What are the lines from the top of the entries below through the line containing "encebollados en Valencia?"? Return them exactly, both ends included, without the pictures.

DATA section start

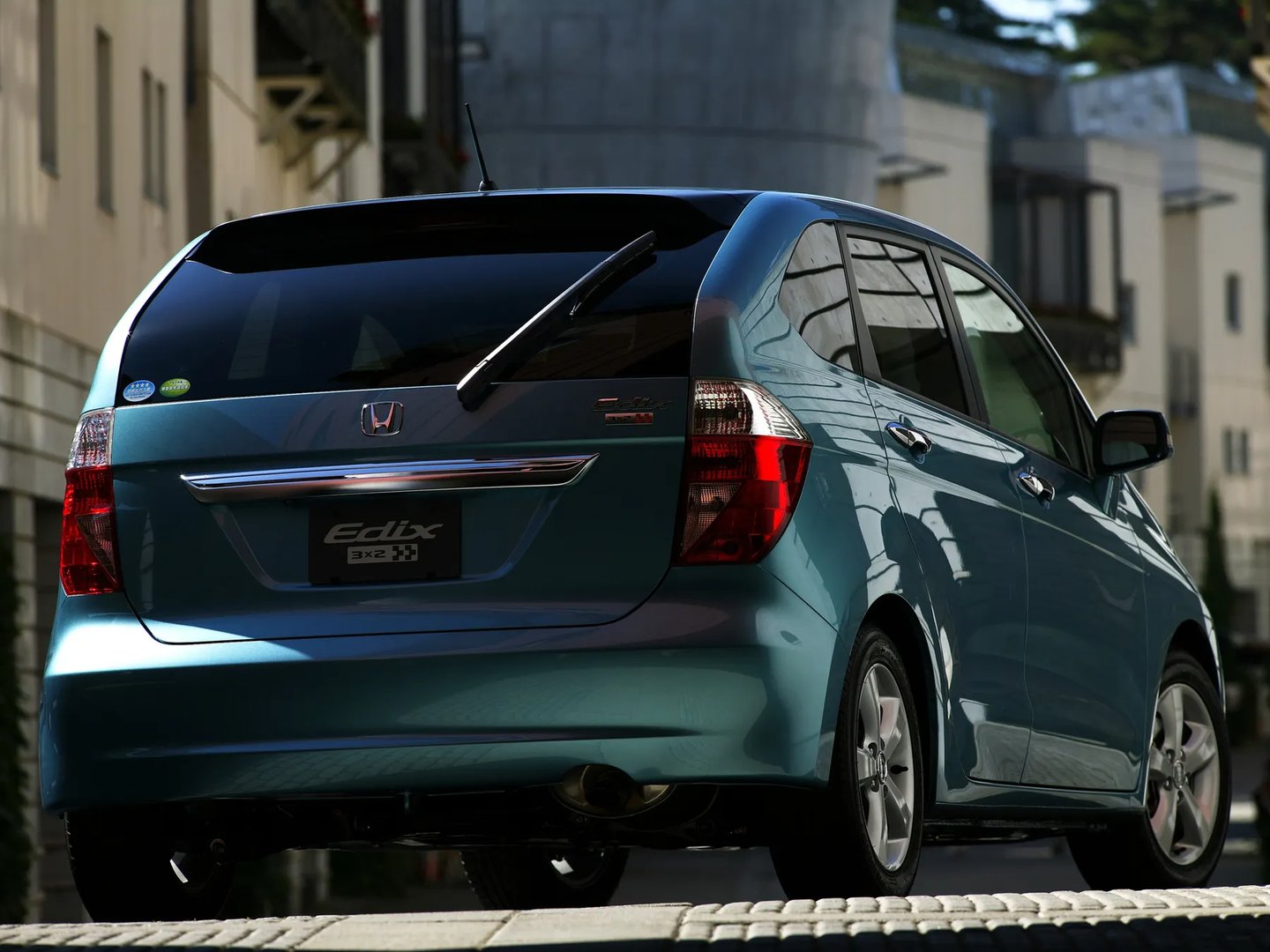Honda_Edix_1_generation__Compact_Van__2.jpg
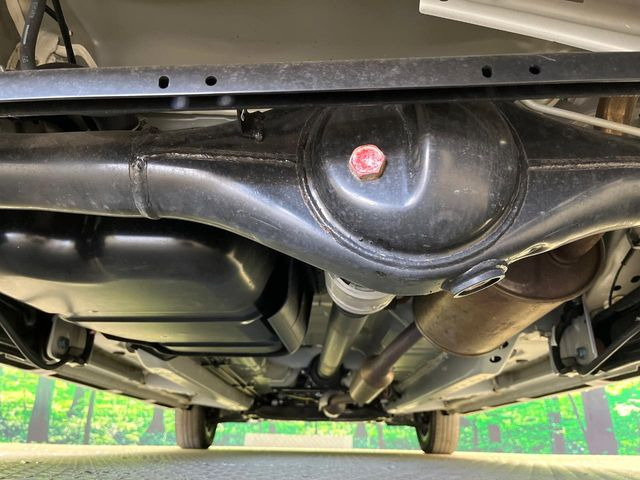 ����肪���ꂢ�Ȃ����ɁA�h�K���H�̎{�H���I�X�X���B�~��n��͂������A���ݕ��ɂ��Z���̕���A��Ń}�����E�E�B���^�[�X�|�[�c���������ɂ��D�]���������Ă���܂��B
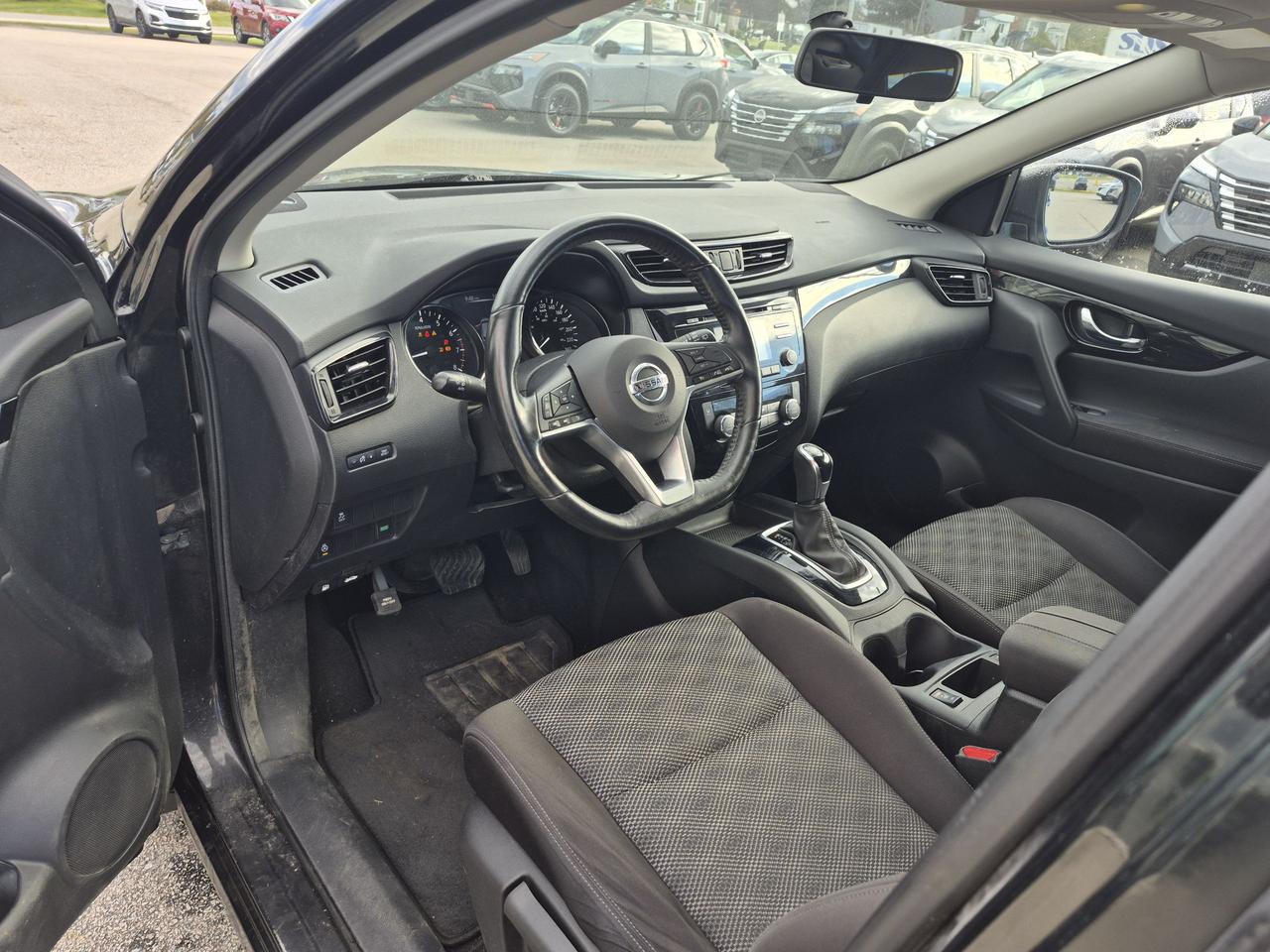 2017 Nissan Qashqai SV AS IS Photo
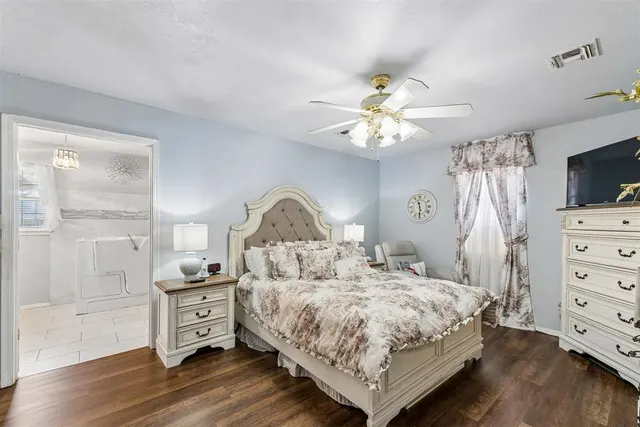 Photo 7 — 9809 S Country Club Drive, Oklahoma City, OK 73159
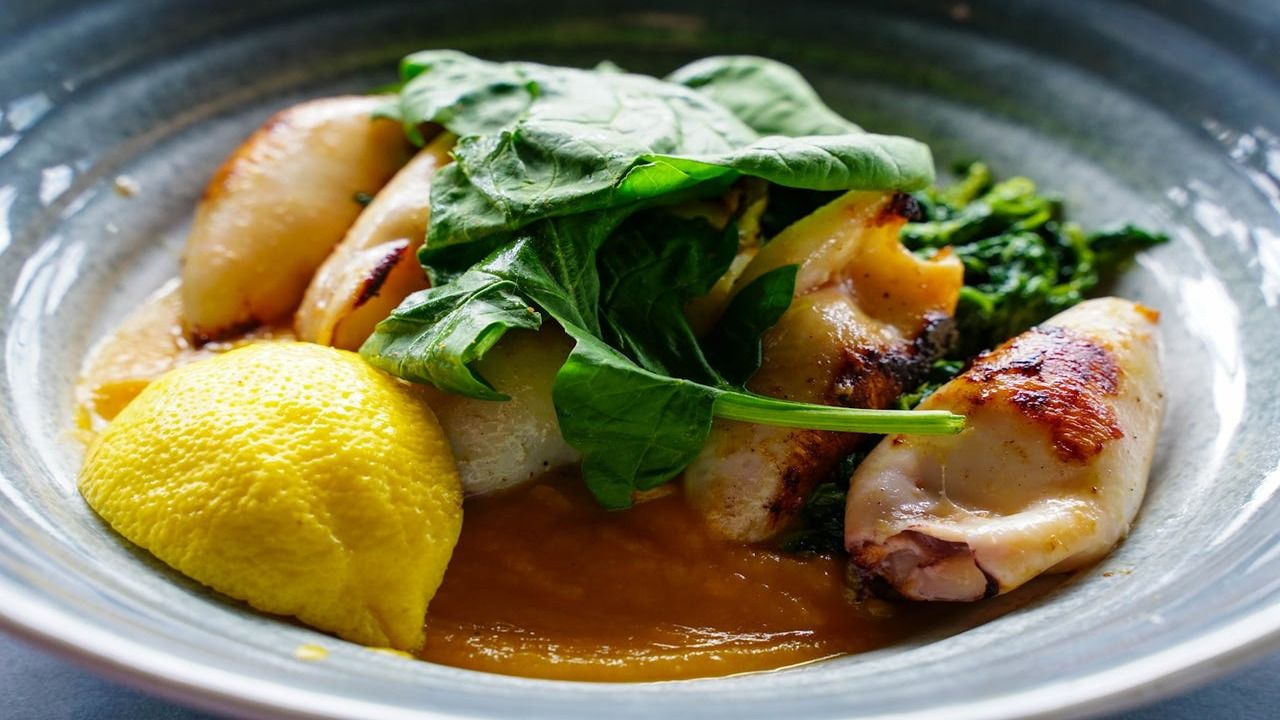 ¿Dónde comer chipirones encebollados en Valencia?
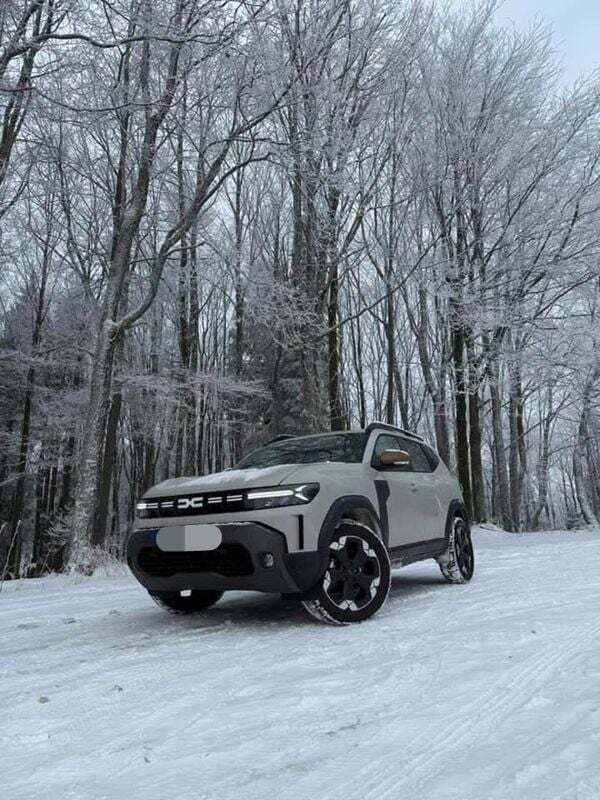 Bej Nouă 2024 Dacia Duster Journey SUV | 26.300 EUR - Imagine 1/4
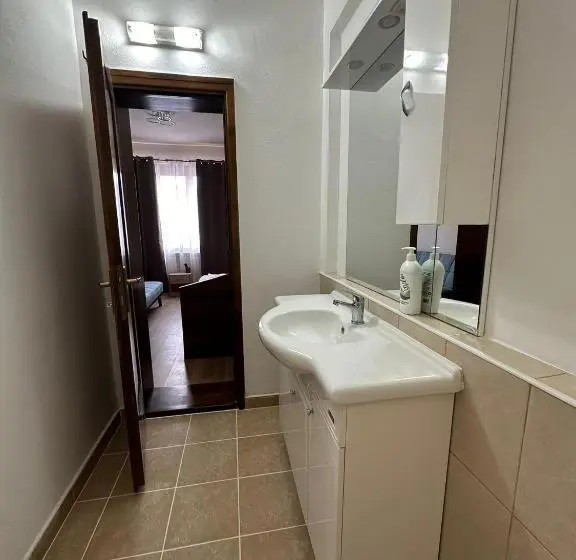 Chambre Standard Individuelle, Dortin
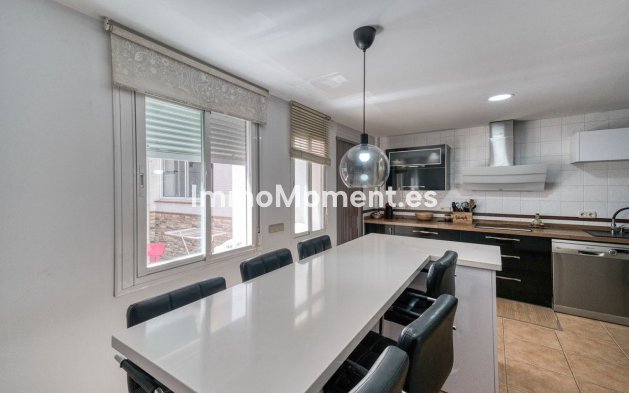 Resale - Townhouse - Inland  - Coín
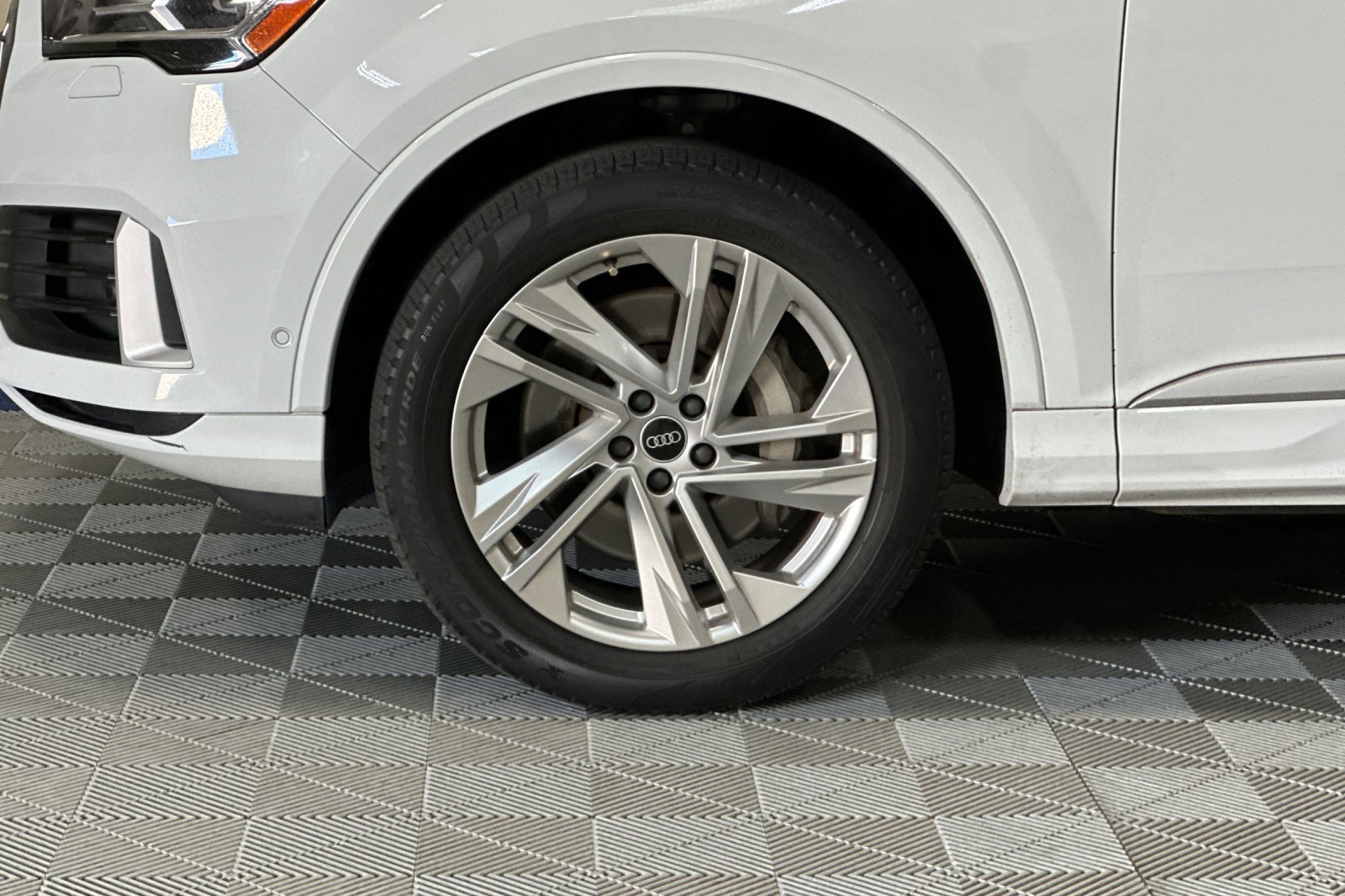 Used 2021 Audi Q7 3.0T Premium image 47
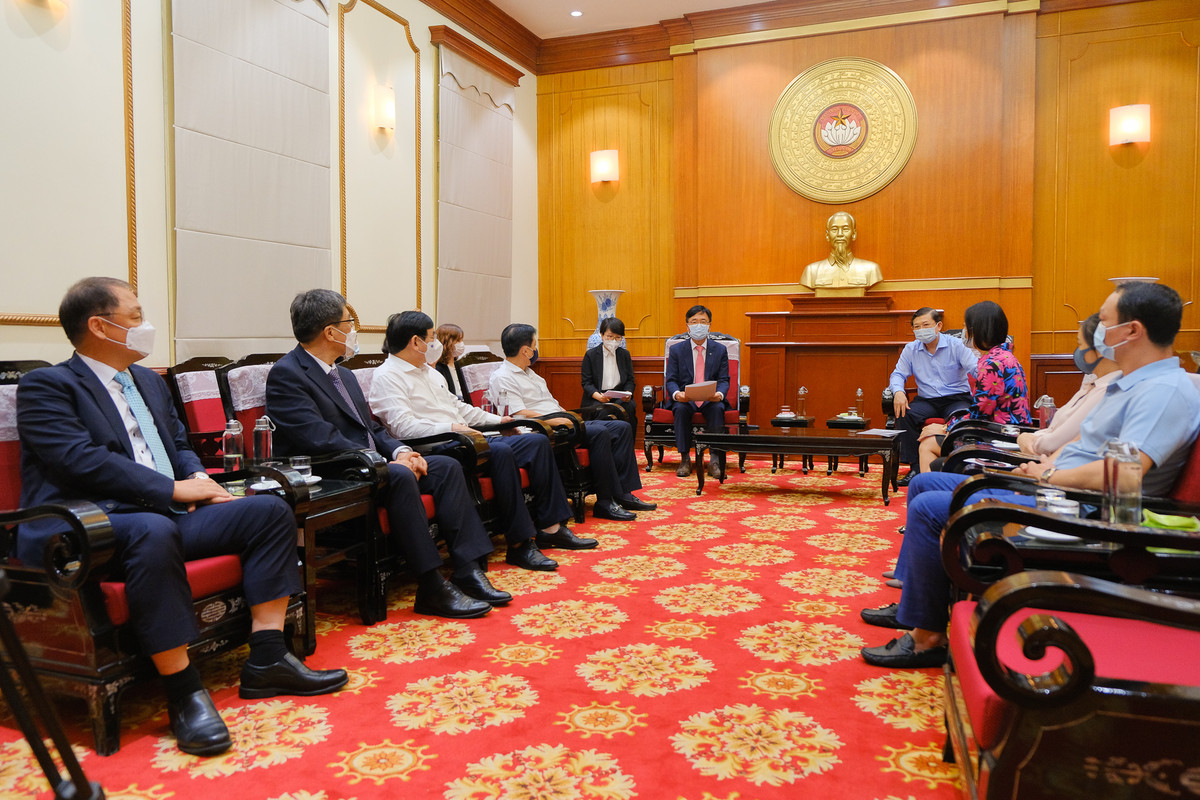 Hana Bank ủng hộ Quỹ Vắc-xin phòng, chống Covid-19 Hana Bank ung ho Quy Vac-xin phong, chong Covid-19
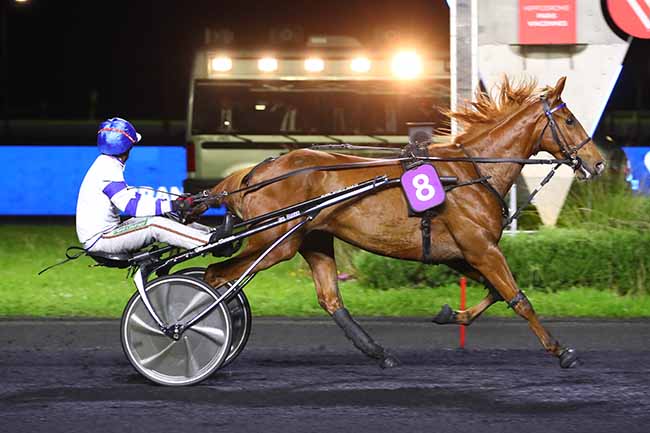 Photo d'arrivée de la course pmu PRIX EUGENIA à PARIS-VINCENNES le Vendredi 12 mai 2023
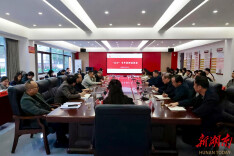 娄底三中附属实验学校举行“五四”青年教师座谈会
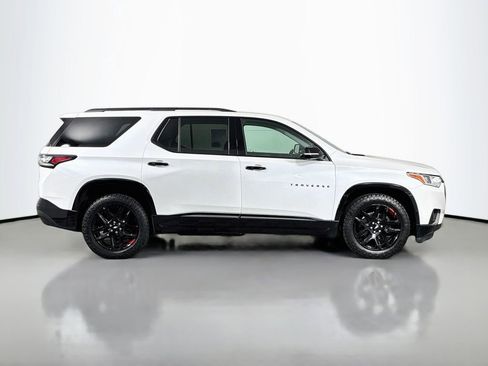 Certified 2020 Chevrolet Traverse Premier w/ Redline Edition AWD/4WD image 8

DATA section end

* [THE COMPLETED TASK]
Honda_Edix_1_generation__Compact_Van__2.jpg
 ����肪���ꂢ�Ȃ����ɁA�h�K���H�̎{�H���I�X�X���B�~��n��͂������A���ݕ��ɂ��Z���̕���A��Ń}�����E�E�B���^�[�X�|�[�c���������ɂ��D�]���������Ă���܂��B
 2017 Nissan Qashqai SV AS IS Photo
 Photo 7 — 9809 S Country Club Drive, Oklahoma City, OK 73159
 ¿Dónde comer chipirones encebollados en Valencia?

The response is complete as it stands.